- [Work request] What's needed is an exact copy of the lines from the one that contains "RNR HYBRID WHITE" to the end of the data below, leaving the pictures out.

- [Entries provided]
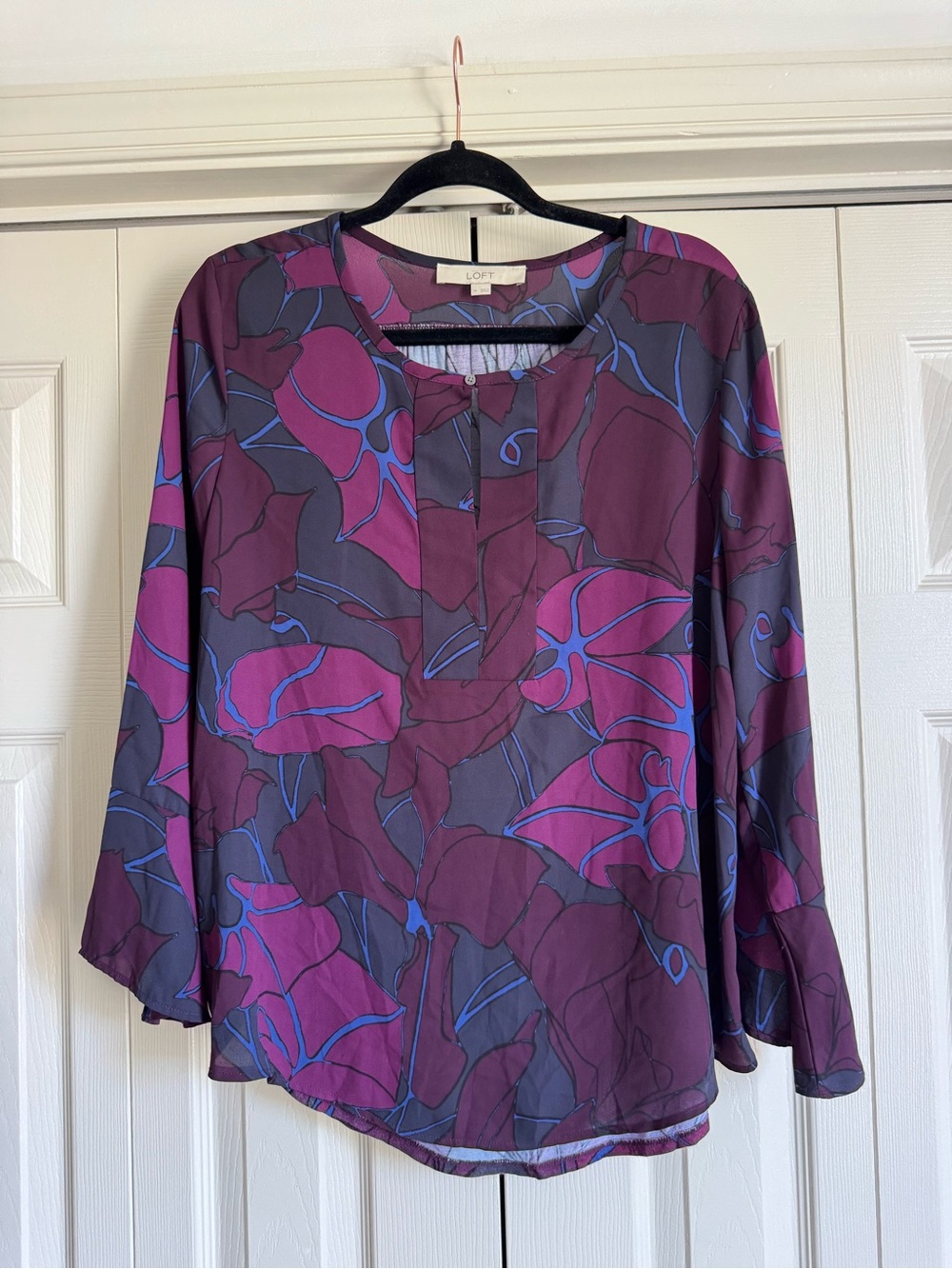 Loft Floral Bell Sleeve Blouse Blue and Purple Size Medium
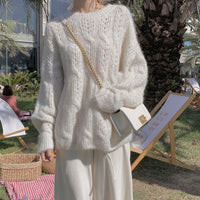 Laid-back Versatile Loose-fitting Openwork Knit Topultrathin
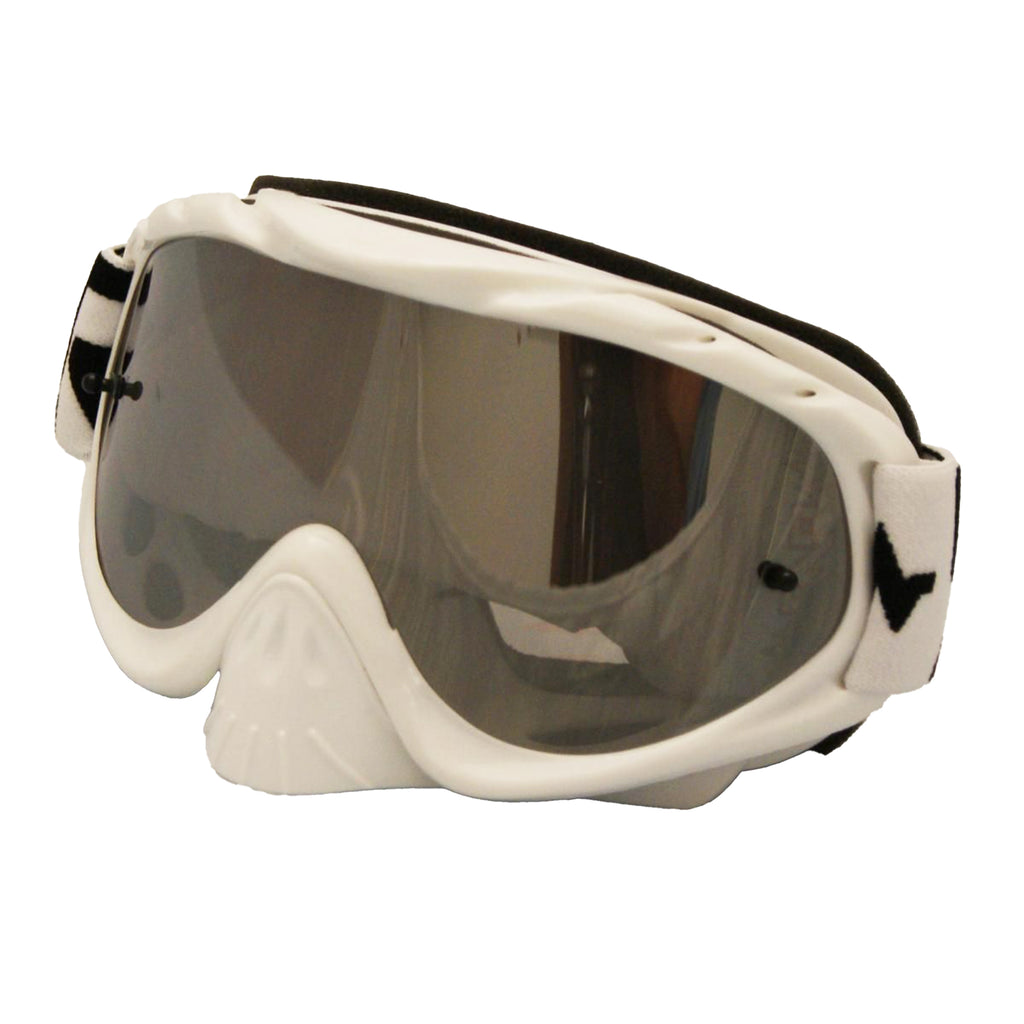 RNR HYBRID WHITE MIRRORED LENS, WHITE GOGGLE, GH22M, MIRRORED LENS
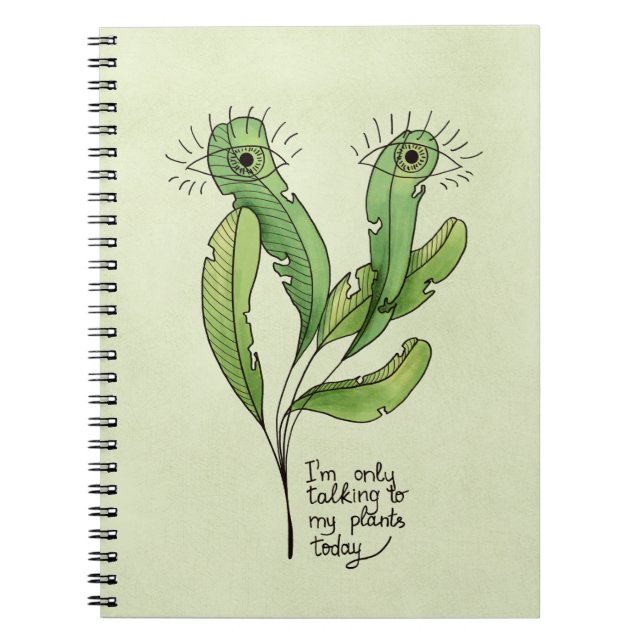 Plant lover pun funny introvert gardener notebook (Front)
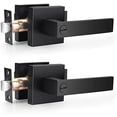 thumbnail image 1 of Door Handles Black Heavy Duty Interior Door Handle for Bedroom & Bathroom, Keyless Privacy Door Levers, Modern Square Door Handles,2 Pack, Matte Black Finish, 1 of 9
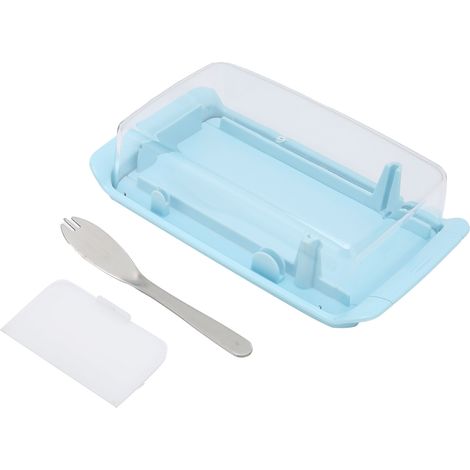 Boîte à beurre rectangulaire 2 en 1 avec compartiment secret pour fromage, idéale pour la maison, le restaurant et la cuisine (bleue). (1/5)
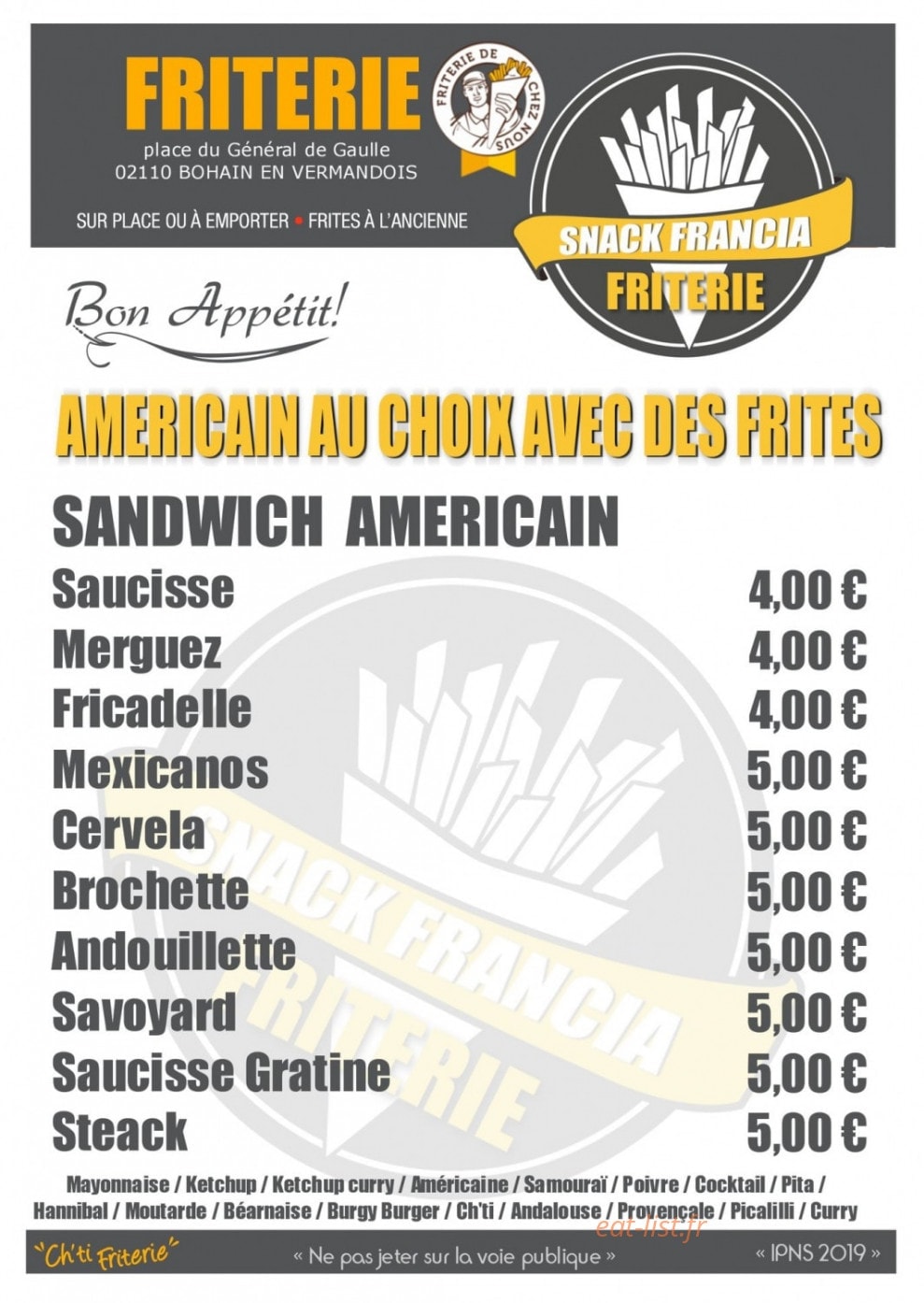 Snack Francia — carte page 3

- [Your response]
 RNR HYBRID WHITE MIRRORED LENS, WHITE GOGGLE, GH22M, MIRRORED LENS
 Plant lover pun funny introvert gardener notebook (Front)
 thumbnail image 1 of Door Handles Black Heavy Duty Interior Door Handle for Bedroom & Bathroom, Keyless Privacy Door Levers, Modern Square Door Handles,2 Pack, Matte Black Finish, 1 of 9
 Boîte à beurre rectangulaire 2 en 1 avec compartiment secret pour fromage, idéale pour la maison, le restaurant et la cuisine (bleue). (1/5)
 Snack Francia — carte page 3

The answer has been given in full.